Xie Feng, Pullenayegum Eleanor, Gaebel Kathryn, Oppe Mark, Krabbe Paul F M
Centre for Evaluation of Medicines, St Joseph's Healthcare, Hamilton, ON, Canada,
Eur J Health Econ. 2014 Apr;15(3):281-8. doi: 10.1007/s10198-013-0474-3. Epub 2013 Apr 4.

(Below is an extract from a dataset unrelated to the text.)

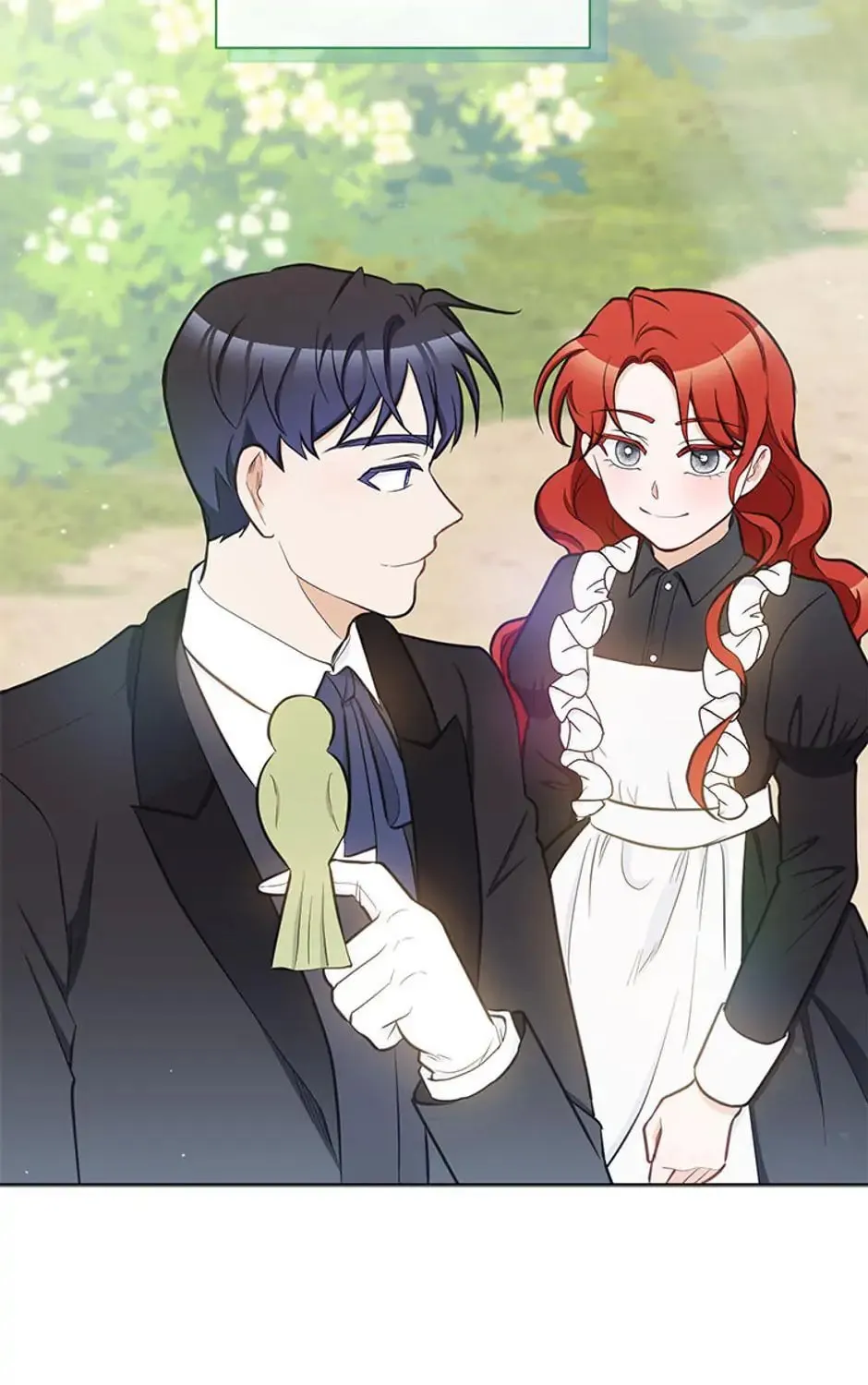 Read SSS Romance Collection chapter 28 image 272 on Lezhin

Choice-based methods have been used widely in assessing healthcare programs. This study compared the binary discrete choice experiment (DCE) and the multiprofile case of best-worst scaling (BWS) in eliciting preferences for the EQ-5D-5L. Forty-eight EQ-5D-5L health states were selected using a Bayesian efficient design and grouped into 24 pairs for the DCE tasks and 8 sets for the BWS tasks (each set has three health states). A total of 100 participants completed 12 pairs and 8 sets in a random order. A probit regression model and ranked order logistic regression model were used to estimate the latent utilities from the DCE and BWS, respectively. Both tasks were well understood by the majority of participants. The DCE tasks were relatively easier and took a shorter time to complete. The intraclass correlation coefficient (ICC) of the DCE was higher than that of the BWS. The variances associated with the latent utilities estimated from the DCE were larger than those from the BWS. The DCE is more feasible and reliable than the BWS in valuing the EQ-5D-5L. Future studies could focus on comparing the consistency and accuracy of these techniques in predicting the health utilities of the EQ-5D-5L.
基于选择的方法已广泛应用于医疗保健项目评估。本研究比较了二元离散选择实验(DCE)和最佳-最差尺度法(BWS)的多轮廓情况在引出对EQ-5D-5L的偏好方面的效果。使用贝叶斯有效设计选择了48种EQ-5D-5L健康状态,并将其分为24对用于DCE任务,8组用于BWS任务(每组有三种健康状态)。共有100名参与者以随机顺序完成了12对和8组任务。分别使用概率回归模型和排序逻辑回归模型从DCE和BWS中估计潜在效用。大多数参与者都很好地理解了这两项任务。DCE任务相对更容易,完成时间更短。DCE的组内相关系数(ICC)高于BWS。从DCE估计的与潜在效用相关的方差大于从BWS估计的方差。在评估EQ-5D-5L方面,DCE比BWS更可行、更可靠。未来的研究可以集中在比较这些技术在预测EQ-5D-5L的健康效用方面的一致性和准确性。